- Prithvipur Location in Madhya Pradesh, India Prithvipur Prithvipur (India)
- Coordinates: 25°11′7″N 78°39′54″E﻿ / ﻿25.18528°N 78.66500°E
- Country: India
- State: Madhya Pradesh
- Region: Bundelkhand
- District: Niwari

Government
- • Type: Public
- • Body: City Council
- • MLA: Late Brijendra Singh Rathore

Population (11)
- • Total: 42,883
- Time zone: UTC+5:30 (IST)
- PIN: 472338
- Telephone code: 07680
- ISO 3166 code: IN-MP
- Vehicle registration: MP-71
- Website: https://niwari.nic.in

= Prithvipur =

Prithvipur is a town and a nagar parishad in Niwari district in the Indian state of Madhya Pradesh.

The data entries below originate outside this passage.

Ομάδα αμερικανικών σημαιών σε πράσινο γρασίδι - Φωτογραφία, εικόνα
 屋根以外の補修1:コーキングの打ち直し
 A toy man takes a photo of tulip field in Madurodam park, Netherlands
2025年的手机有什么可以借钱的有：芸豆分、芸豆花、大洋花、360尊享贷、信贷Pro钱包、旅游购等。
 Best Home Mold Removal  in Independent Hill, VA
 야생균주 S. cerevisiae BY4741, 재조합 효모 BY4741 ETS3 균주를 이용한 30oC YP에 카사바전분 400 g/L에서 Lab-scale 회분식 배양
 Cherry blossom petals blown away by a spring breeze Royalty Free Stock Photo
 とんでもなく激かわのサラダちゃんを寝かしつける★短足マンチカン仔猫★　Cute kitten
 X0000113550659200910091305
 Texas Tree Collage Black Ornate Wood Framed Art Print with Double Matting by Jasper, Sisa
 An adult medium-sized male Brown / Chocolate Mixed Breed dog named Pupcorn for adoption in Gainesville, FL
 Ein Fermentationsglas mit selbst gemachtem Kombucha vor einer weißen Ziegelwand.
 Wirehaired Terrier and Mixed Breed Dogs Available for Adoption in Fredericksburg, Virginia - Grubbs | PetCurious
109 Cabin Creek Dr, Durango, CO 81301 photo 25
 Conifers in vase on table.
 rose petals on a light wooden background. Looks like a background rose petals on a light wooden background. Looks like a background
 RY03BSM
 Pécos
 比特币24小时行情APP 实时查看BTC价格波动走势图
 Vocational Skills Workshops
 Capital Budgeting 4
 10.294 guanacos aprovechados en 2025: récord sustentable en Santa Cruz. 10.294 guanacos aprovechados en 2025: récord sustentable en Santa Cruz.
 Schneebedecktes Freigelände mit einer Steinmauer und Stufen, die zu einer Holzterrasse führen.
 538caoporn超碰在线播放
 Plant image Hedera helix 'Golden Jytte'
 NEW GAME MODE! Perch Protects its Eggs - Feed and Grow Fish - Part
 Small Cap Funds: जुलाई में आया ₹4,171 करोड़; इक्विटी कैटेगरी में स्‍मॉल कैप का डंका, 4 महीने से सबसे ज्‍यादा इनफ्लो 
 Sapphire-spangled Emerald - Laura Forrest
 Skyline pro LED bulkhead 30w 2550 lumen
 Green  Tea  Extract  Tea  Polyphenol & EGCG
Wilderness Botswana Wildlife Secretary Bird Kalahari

It is the administrative headquarters of Prithvipur tehsil in the Niwari sub-division of the district.

==Demographics==
As of 2001 India census, Prithvipur had a population of 32,542. Males constitute 53% of the population and females 47%. Prithvipur has an average literacy rate of 50%, lower than the national average of 59.5%: male literacy is 60%, and female literacy is 39%. In Prithvipur, 18% of the population is under 6 years of age.Prithvipur is bigger than Orchha Tehsil of Niwari District.

==Government==
Prithvipur Assembly constituency is one of the 230 Vidhan Sabha (Legislative Assembly) constituencies of Madhya Pradesh state in central India. Nitendra Singh Rathore is current MLA from Prithvipur.